Snapchat – From Commodity to Necessity

Snapchat fills a lucrative niche that no other app currently holds over the millennial group. Millennials aren’t just using Snapchat because they want to, they’re using it because they need to. Instagram, Facebook and Twitter all suffer from a growing need to convince users to stick around as more of us realize how valuable our time is – and how wasteful excessive time spent on social media is.

Stigma against rampant social media use is growing. Snapchat seems to have been left out of the conversations about “reducing your screen time” and the correlation between social media use and depression.

So, what is Snapchat doing differently than other Silicon Valley giants?
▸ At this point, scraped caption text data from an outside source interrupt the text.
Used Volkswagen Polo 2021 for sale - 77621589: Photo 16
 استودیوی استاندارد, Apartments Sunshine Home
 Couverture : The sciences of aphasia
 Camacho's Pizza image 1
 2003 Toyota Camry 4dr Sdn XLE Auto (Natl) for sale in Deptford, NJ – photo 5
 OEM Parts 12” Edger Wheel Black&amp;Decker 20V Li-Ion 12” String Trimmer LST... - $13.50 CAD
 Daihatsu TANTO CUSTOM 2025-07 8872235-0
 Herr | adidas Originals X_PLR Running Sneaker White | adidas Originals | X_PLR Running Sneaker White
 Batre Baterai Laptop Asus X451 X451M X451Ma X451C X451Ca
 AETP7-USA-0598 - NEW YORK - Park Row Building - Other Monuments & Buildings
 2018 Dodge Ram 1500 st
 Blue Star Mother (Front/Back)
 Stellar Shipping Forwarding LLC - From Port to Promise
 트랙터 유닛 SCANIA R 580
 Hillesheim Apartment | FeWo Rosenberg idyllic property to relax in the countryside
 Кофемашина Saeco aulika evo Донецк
It certainly isn’t freedom from advertising – in fact, it’s quite the opposite. Snapchat’s 187 million users open the app an average of 25 times per day, and when they get there, they’re treated to an advertisement at almost every turn. Snapchat has managed to sneak 10-second ads in between nearly every type of content on the platform. And users couldn’t care less.

What, then, differentiates Snapchat? Its basic functionality as it relates to our every day lives. When Snap fans need to shoot a quick “picture message” off, they don’t need to embed it in their text conversation. Now, it’s … “Just snap me” or “I’ll snap you.” Meet someone new at a concert, on Tinder or at a bar? “Hey, what’s your Snapchat?”

Why Snapchat over Texting

It’s “safer” since you’re sharing only an anonymous profile, not your phone number.

It’s removed from your social circle; although Snapchat is a social media app, sharing is a one-way street. Only I know who I’m connected with and only you know who you’re connected with. You don’t have to worry about a crazy new connection Googling your phone number to find your address or to track you down on Facebook, and if things go south, it’s much easier to just block them.

And finally, it’s hip. Snapchat doesn’t provide any introduction or visual guide on how to use its app – it’s entirely up to the user to find all the options and put them to use. Think of Snapchat like a “communication club” for the young and “with it” crowd. Not on Snapchat? Be expected to be asked “How?” before you’re asked “Why?”

What Snapchat has done for cross-platform messaging is akin to the power of Apple’s iMessage – a seamless communication tool with a low barrier of entry and a high-use case. Once they conquered this hurdle and became less of a digital commodity and more of a digital necessity, Snapchat locked themselves into the homepage of Androids and iPhones everywhere.